= FOR Organizing Committee of the United States =

The FOR Organizing Committee in the United States or FOCUS was a small group of leftists in the United States. It was the US section of the Revolutionary Workers Ferment, known by its Spanish initials FOR (Fomento Obrero Revolutionario).

FOCUS was founded by Stephen Schwartz, a writer in San Francisco, who entered into correspondence with the FOR group and began contributing to its French journal Alarme. After visiting France in 1979 and having discussions with the leader of the FOR tendency, G. Munis, Schwartz returned to the US and established FOCUS. The group began to publish a periodical, The Alarm based in San Francisco.

FOCUS was expelled from FOR in 1981, after it defended the Spanish section which had also been purged by Munis.

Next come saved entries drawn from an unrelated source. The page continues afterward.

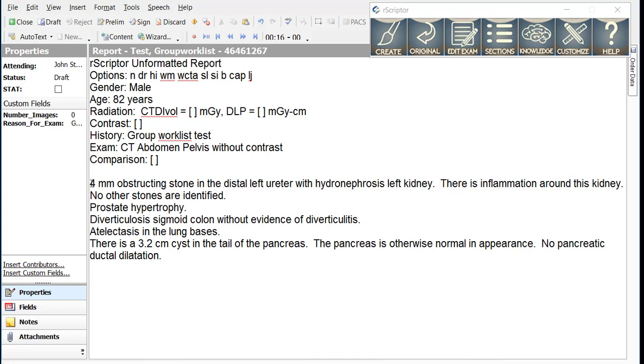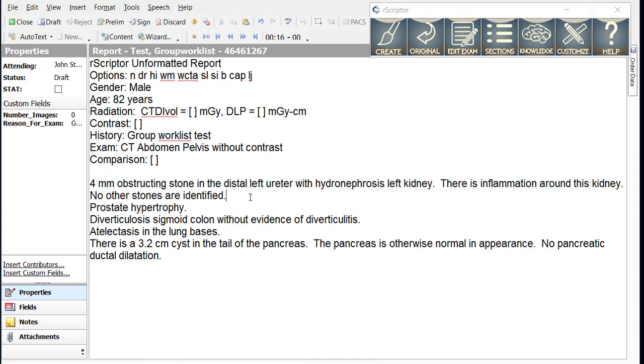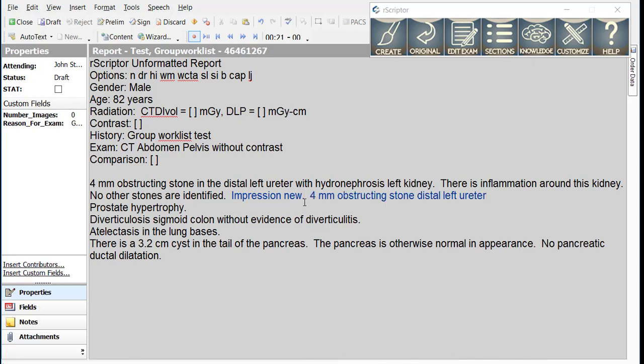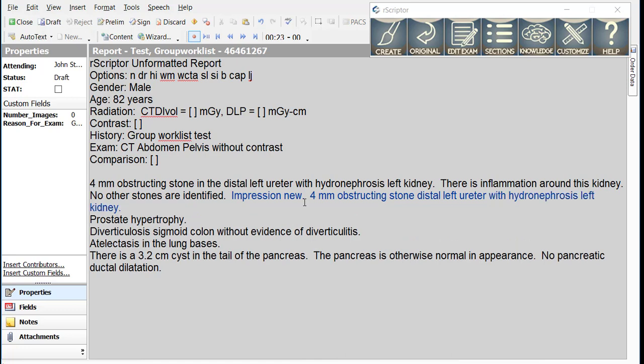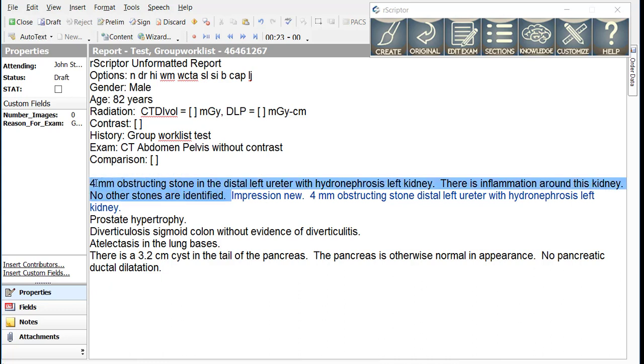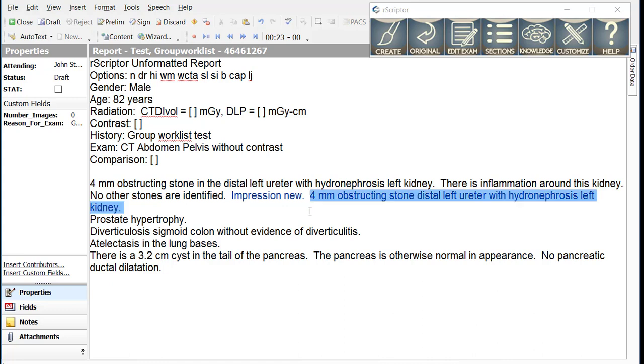In our example here of a 4 mm obstructing stone, we could simply add impression new period, 4 mm obstructing stone distal left ureter with hydronephrosis left kidney period. With this simple statement, we have told R-Scripter that all the text prior to impression new is going to go into the findings section and all the text after impression new will go into the impression section.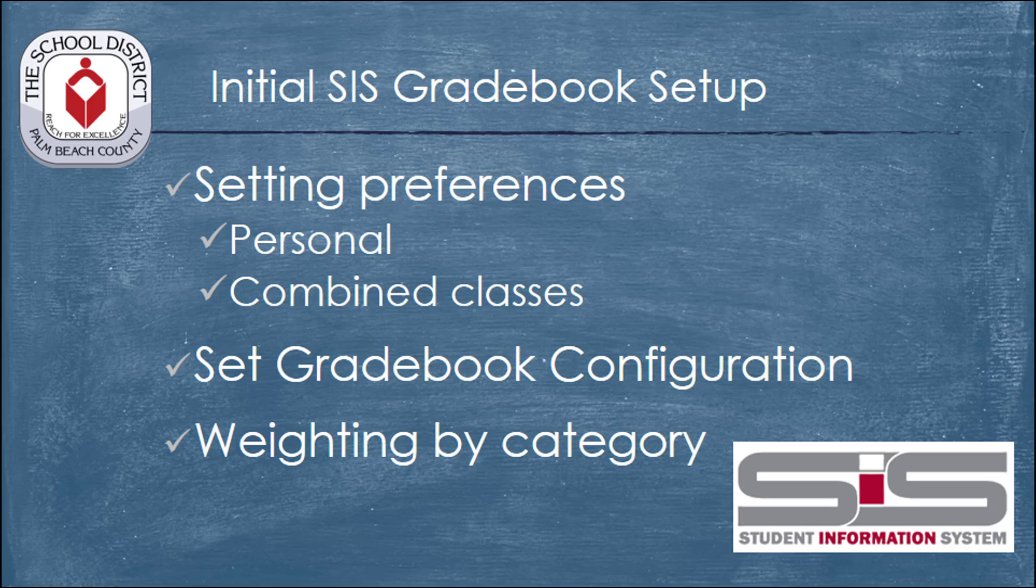There are a few tasks and decisions that you have to make when you initially start setting up your gradebook in the SIS. While many of the settings are already set and ready to go by default, there are some things you'll need to consider before you start creating your first assignments.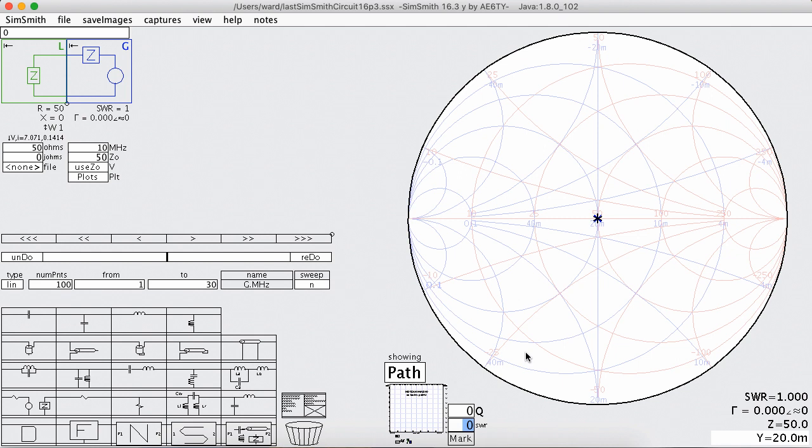Good day. This is Ward Harriman, AE6TY. I thought I'd take a few moments and show you some of the features you can see in SimSmith version 16.3.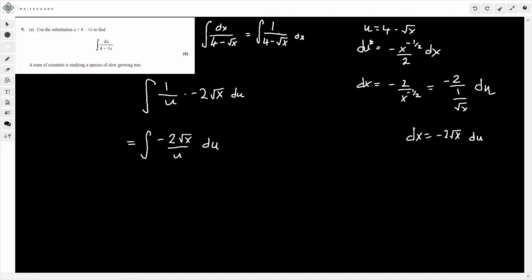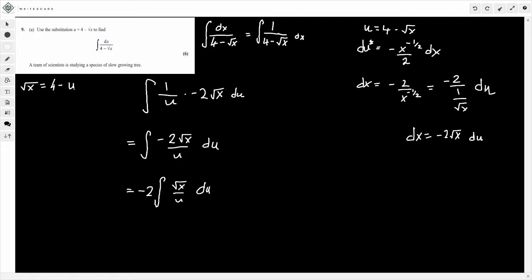At this point, we move the constant minus 2 outside the integral. So this becomes minus 2 times the integral of root x divided by u, du. Now remember, if u equals 4 minus root x, then root x equals 4 minus u. So now we have minus 2 times the integral of 4 minus u, divided by u, du.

Thereafter, FOCUS focused on the weakness of the original FOR analysis, agreeing that the mainstream trade unions were a brake on the proletarian revolution. by October 1983 they had come to the conclusion that the revolutionary workers should enter the small Anarcho-syndicalist unions such as the CNT and IWW. The FOCUS group entered the IWW in early 1984 and, according to them, were "received positively by the other wobblies.

By this time, Schwartz had dropped out of the organization, and The Alarm had been moved from San Francisco to Portland, Oregon where FOCUS had its largest following.